Overlevers De ouderen om wie het gaat, zijn geboren vóór de Tweede Wereldoorlog en dus ergens tussen de zeventig en ver boven de negentig jaar oud. Volgens de generatietypologie van de Utrechtse socioloog Becker (Alblas & Penninx, 2008) zijn het mensen die niet erg gericht zijn op persoonlijke ontwikkeling. Ze zijn in vergelijking met jongere generaties vrij volgzaam en hebben vooral contact met familie en buren. Door hun levenservaring tijdens de crisisjaren, de oorlog en de wederopbouw hebben ze leren overleven. Dat is hun kracht, maar tijdens het analyseren van mijn onderzoeksgegevens bleek dit ook hun zwakte, omdat ze niet snel om hulp vragen, ook niet als ze dat eigenlijk wel nodig hebben. 85
Meesterschap in het sociaal werk
Voor mijn onderzoek heb ik acht kwetsbare ouderen uitgebreid geïnterviewd.
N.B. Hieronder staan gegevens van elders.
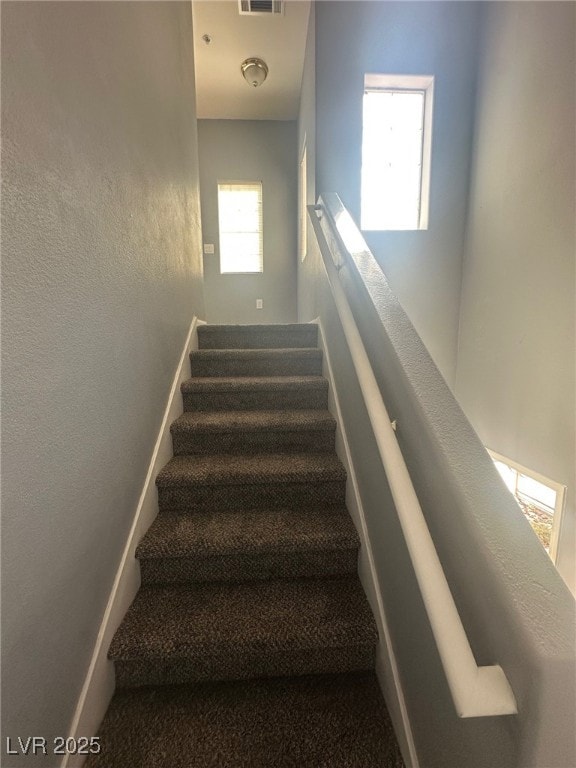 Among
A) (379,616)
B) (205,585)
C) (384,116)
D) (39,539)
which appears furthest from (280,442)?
(384,116)

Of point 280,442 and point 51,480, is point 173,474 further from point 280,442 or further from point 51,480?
point 51,480

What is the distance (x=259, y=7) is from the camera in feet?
8.61

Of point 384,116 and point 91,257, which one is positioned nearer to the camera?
point 91,257

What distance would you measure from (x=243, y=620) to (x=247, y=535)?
0.84 ft

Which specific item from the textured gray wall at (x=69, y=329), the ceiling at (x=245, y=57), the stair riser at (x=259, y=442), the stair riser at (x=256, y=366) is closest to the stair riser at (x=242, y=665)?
the textured gray wall at (x=69, y=329)

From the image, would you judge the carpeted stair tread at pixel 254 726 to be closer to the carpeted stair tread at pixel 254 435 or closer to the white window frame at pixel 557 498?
the carpeted stair tread at pixel 254 435

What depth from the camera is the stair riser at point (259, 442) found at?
5.37ft

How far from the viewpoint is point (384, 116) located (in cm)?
272

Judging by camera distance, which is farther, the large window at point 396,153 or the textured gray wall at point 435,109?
the large window at point 396,153

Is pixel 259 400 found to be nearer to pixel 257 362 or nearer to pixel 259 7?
pixel 257 362

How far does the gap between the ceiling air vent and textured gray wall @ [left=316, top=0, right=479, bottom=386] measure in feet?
1.57

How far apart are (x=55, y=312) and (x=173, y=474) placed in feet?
2.71

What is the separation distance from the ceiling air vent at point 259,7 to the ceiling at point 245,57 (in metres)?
0.04

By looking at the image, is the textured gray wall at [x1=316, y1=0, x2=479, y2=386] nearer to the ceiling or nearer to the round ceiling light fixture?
the ceiling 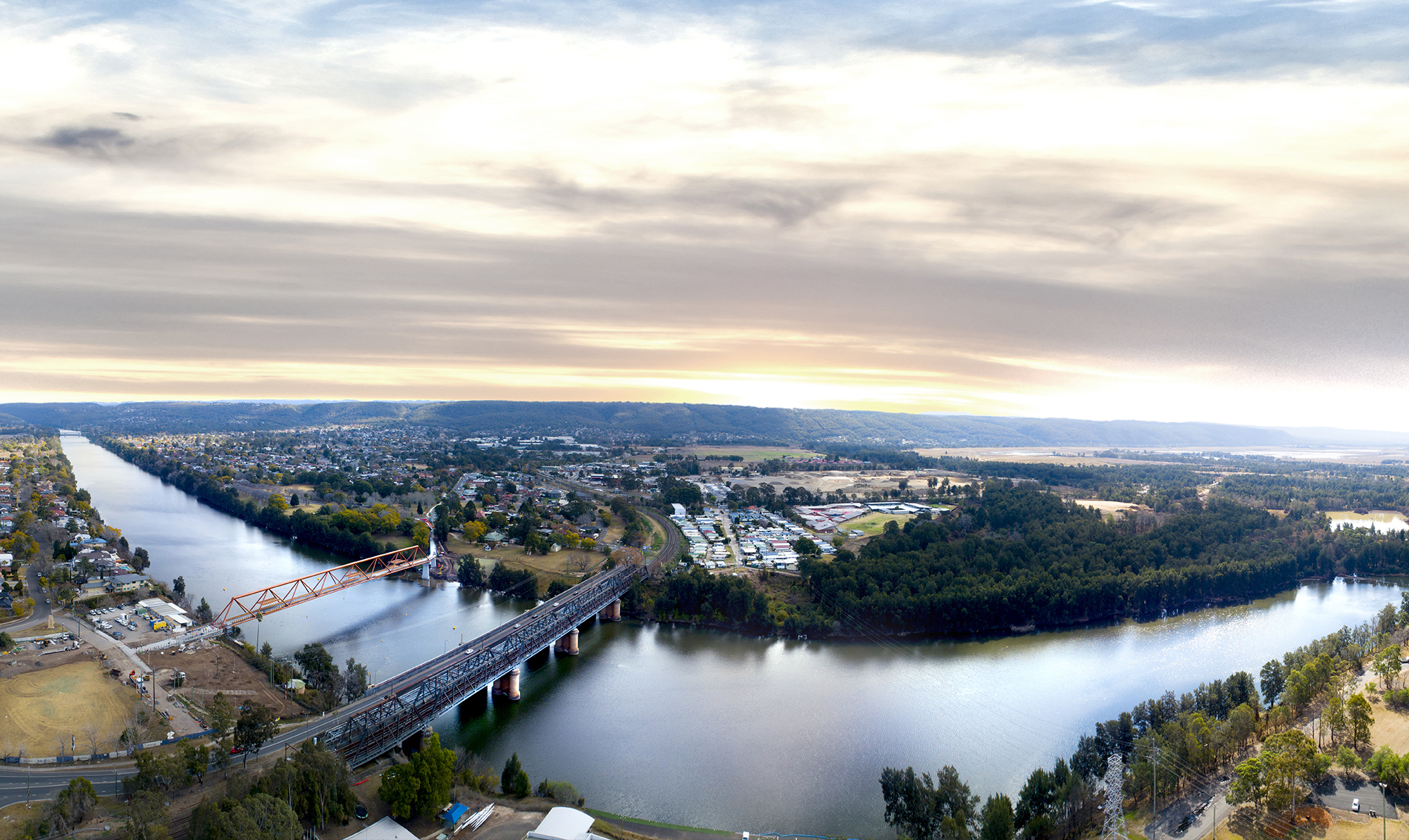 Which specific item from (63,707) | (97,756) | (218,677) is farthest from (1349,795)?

Alle acht woonden zelfstandig en kregen al langere tijd ondersteuning van een ouderenadviseur. Vaak wist men niet hoe men bij de ouderenadviseur was terechtgekomen. Hun leefsituaties en de aanleiding voor ondersteuning bleken sterk te verschillen. Ook de hulp die ze ontvingen was divers (van administratieve hulp tot rouwbegeleiding). Er was een groep die redelijk tevreden was met zijn bestaan, maar ook een groep die zich erg eenzaam voelde. Sommigen dachten actief na over hun dagelijks leven en konden goed onder woorden brengen wat hun behoefte was (bijvoorbeeld een luisterend oor of gezelschap). Anderen stelden zich meer afwachtend op. Zij gedroegen zich afhankelijk en namen geen initiatief om zelf richting te geven aan hun leven. Echter het merendeel van hen was redelijk onafhankelijk en voelde zich verantwoordelijk voor zijn eigen leven. Wat opviel was dat men weinig veeleisend was. Men verwachtte niet zo veel meer van het leven. ‘Je moet meer geven dan nemen’, aldus een van de deelnemers. Dit typeert mijns inziens deze generatie, die geleerd heeft om met weinig tevreden te zijn en daarom niet snel om hulp vraagt. De meesten van hen hadden eigenlijk maar één expliciete wens en dat was zelfstandig blijven wonen. De ouderen die aan het onderzoek deelnamen, hadden over het algemeen veel kracht. Het zijn overlevers of doorzetters die in hun leven altijd hun eigen boontjes hebben gedopt en dat eigenlijk nog steeds doen. Nu ze op leeftijd en meer afhankelijk van anderen zijn, nemen ze geen of weinig initiatief om meer welzijn te ervaren. Zij accepteren hun situatie, hoe naar die soms ook voelt. Ze accepteren hun problemen als iets wat bij het leven hoort en niet als iets waar je hulp bij zou kunnen vragen. Ze zijn erg bescheiden, relativeren hun problemen en verwachten niet zo veel van anderen, ze lijken anderen niet tot last te willen zijn. Met name verlies van partner en familieleden horen erbij en dat geldt ook voor het omgaan met beperkingen en isolement. Mevr. M., 86 jaar (weduwe, verloor anderhalf jaar geleden plots haar enige zoon): ‘En ’s zaterdags en ’s zondags heb ik nooit iemand… Niemand. Geen telefoon. Er komt geen mens. En dan ga ik een kast opruimen. Of een beetje klungelen. Of ik ga strijken. Dan houd ik geen weekend.’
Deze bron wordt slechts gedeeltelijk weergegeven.